Il y a encore un travail à faire pour que cette traduction ne soit plus abstraite pour un certain nombre de voyageurs sensibles au sujet.

TourMaG.com – Comment s’inscrit la dématérialisation dans le voyage d’affaires ?

Aurélie Duprez :
Aujourd’hui, la partie dématérialisation est très avancée dans les outils de note de frais. Le voyageur peut scanner ses notes de frais, ce qui fera remonter dans l’outil les informations de façon assez performante. La note de frais sera prémâchée, il lui restera à compléter quelques informations.

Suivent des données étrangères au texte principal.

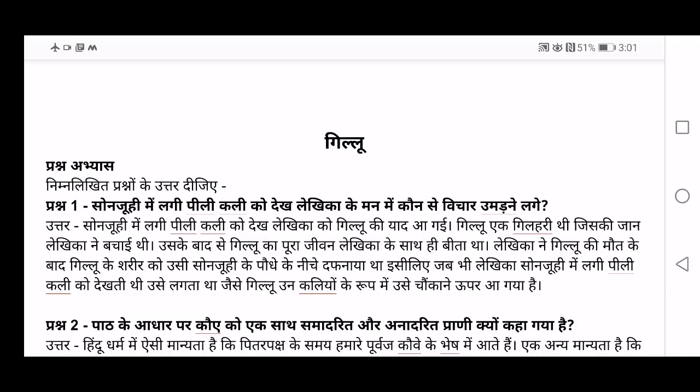Hi friends, welcome to my channel Learning Made Easy. This video is for grade 9. I will be explaining the question answers of chapter Gilloo in English. Please go watch the summary of this video so that you can understand these question answers more clearly. So let's begin the explanation of question answers.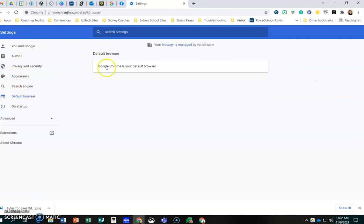And if it's not your default browser, a toggle will show here to show you to create it as your default browser. As you can see mine's already set.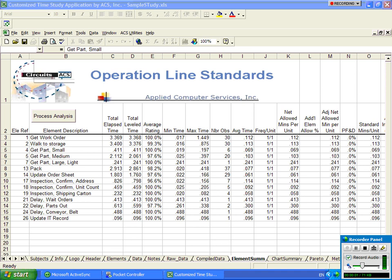We see a typical time study summary. Obviously, the more time studies you do, the more data you're going to collect.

Derrière, les entreprises peuvent paramétrer les règles qu’elles souhaitent dans les outils et faciliter le contrôle du comportement des voyageurs.

Cela a du sens pour le voyageur en termes d’expérience et pour le travel manager en termes de suivi d’avoir une seule source de données et un seul outil.

Tout cela fonctionne bien, d’un point de vue technologique. En termes d’expérience utilisateur, les propositions sont extrêmement abouties. Là où ça pêche, c’est sur le paramétrage des outils pour avoir de la bonne qualité de données.

Si le voyageur ne fait pas l’effort de reprendre les données saisies automatiquement par l’outil, la qualité des données n’est pas forcément bonne et au moment où l’acheteur veut négocier avec les hôtels, s’il n’y a pas de champs harmonisés et qu’il n’est pas capable d’identifier le montant du petit déjeuner, etc… cela nuit à la performance du sourcing.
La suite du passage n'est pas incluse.